#### EXERCISE PROMPT:
All lines below between the line with "Foto di nudo di fuga di OnlyFans di Taya" and the line with "Picture 2 of 11", including both, must be copied exactly, and the pictures must be omitted.
== DATA FOR REVIEW ==
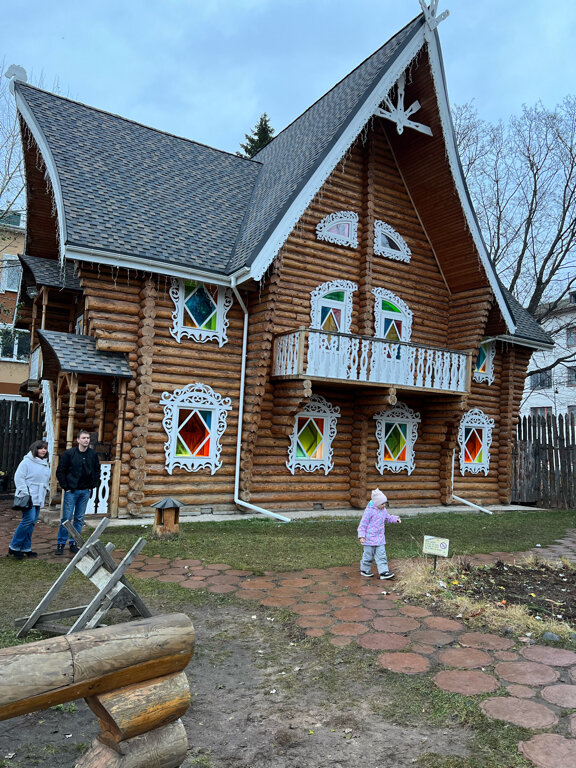 Гостиница Снегурочка Кострома-116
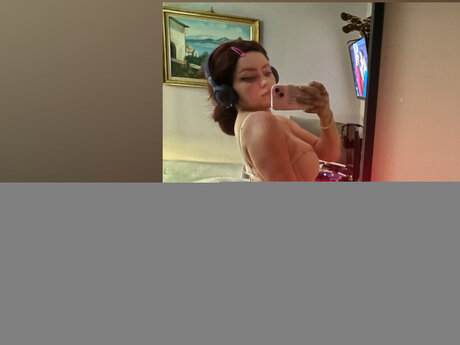 Foto di nudo di fuga di OnlyFans di Taya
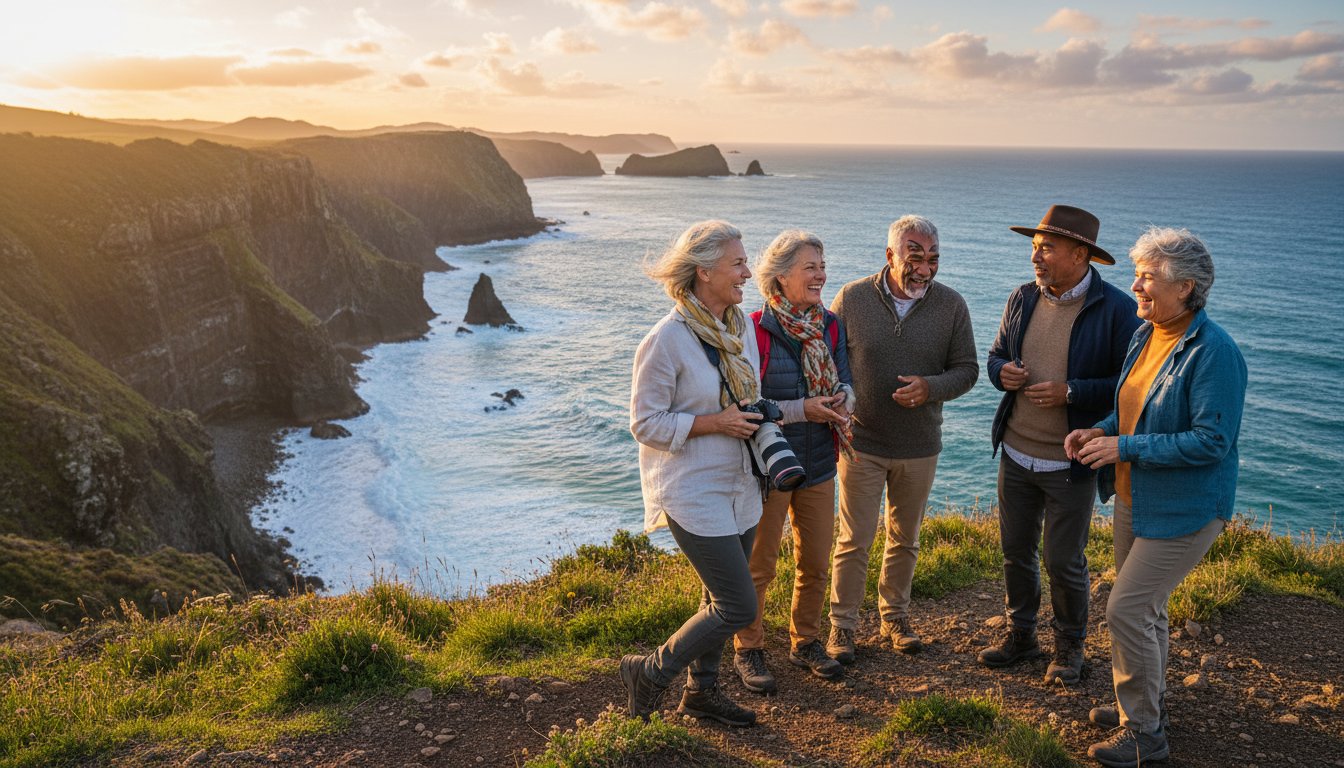 Stress-Free Holidays for Seniors in NZ: The Ultimate 2026 Planning Guide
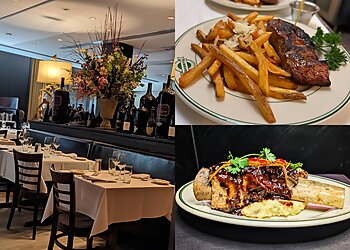 Minneapolis Steak Houses Manny's Steakhouse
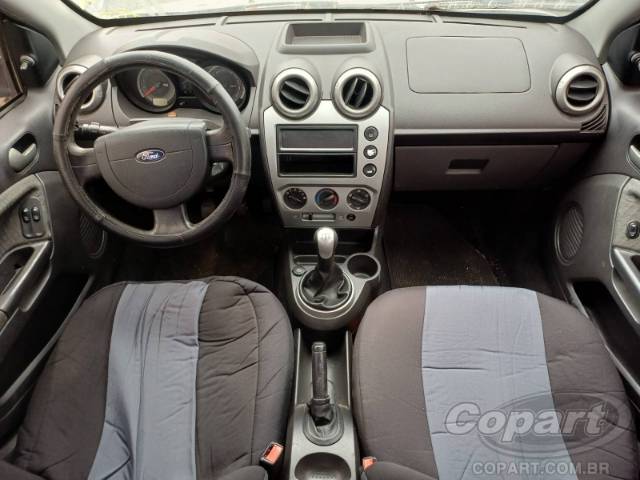 2013 FORD FIESTA SEDAN 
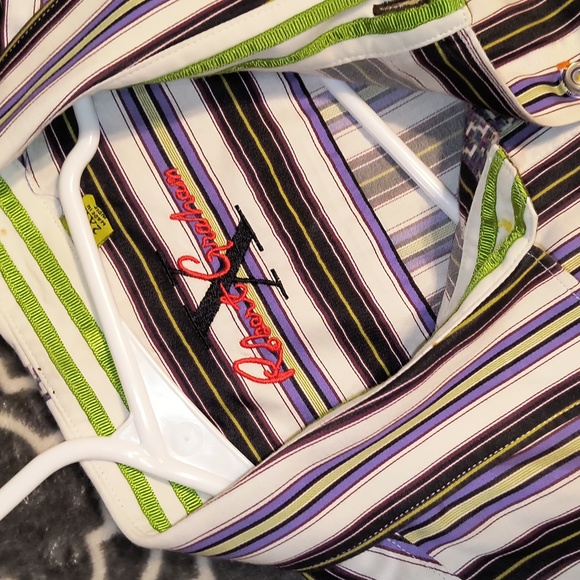 🟣 Robert Graham button up shirt - Picture 2 of 11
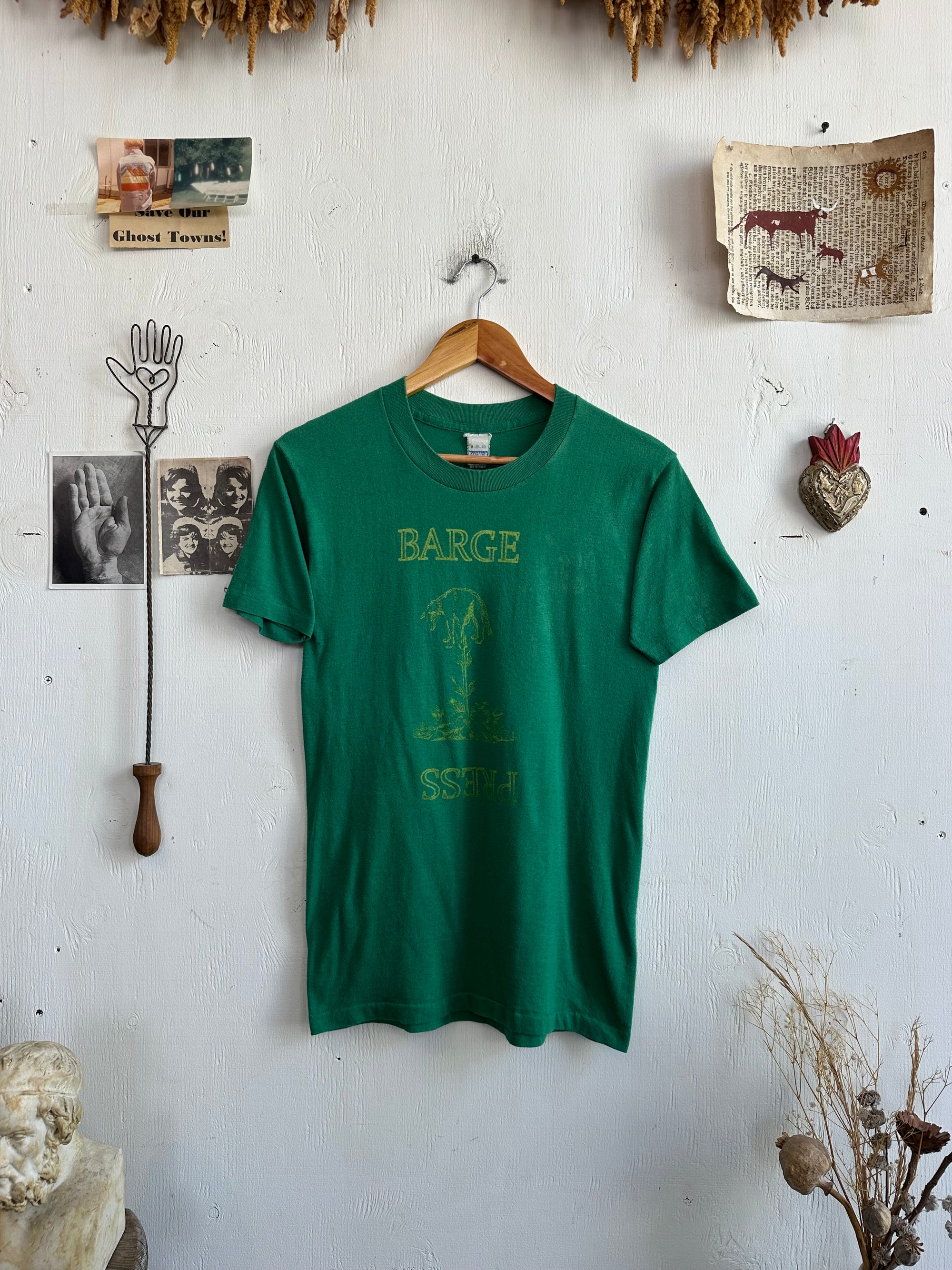 1970s Barge Press Tee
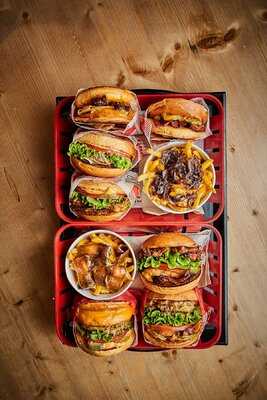 Burger & Fries Bastille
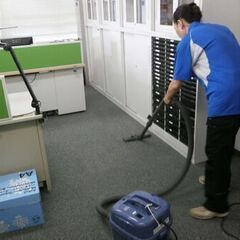 【急募】日曜のみ！副業・スキマバイトにピッタリ♬年齢不問・経験者さん大歓迎！「中目黒」で清掃スタッフさん大募集の画像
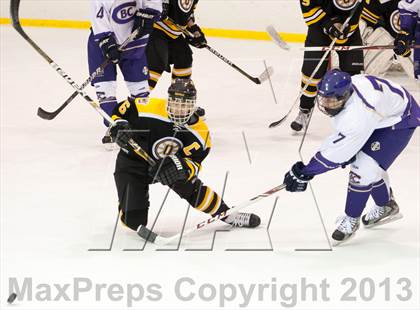 Thumbnail 1 in Oakville vs. Christian Brothers photogallery.
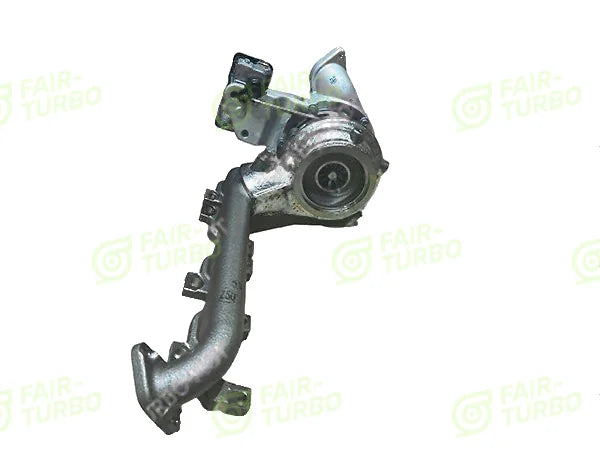 Garrett Turbolader Original Neu für Alfa Romeo Stelvio – OE 71797561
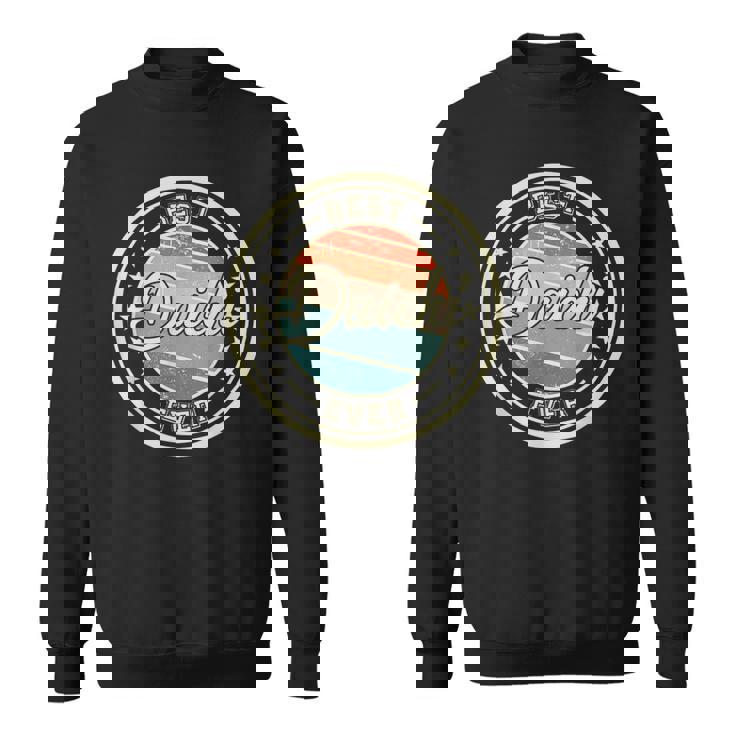 最高の大地、これまでで一番面白い名字大地 スウェットシャツ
===
#### THE ANSWER:
 Foto di nudo di fuga di OnlyFans di Taya
 Stress-Free Holidays for Seniors in NZ: The Ultimate 2026 Planning Guide
 Minneapolis Steak Houses Manny's Steakhouse
 2013 FORD FIESTA SEDAN 
 🟣 Robert Graham button up shirt - Picture 2 of 11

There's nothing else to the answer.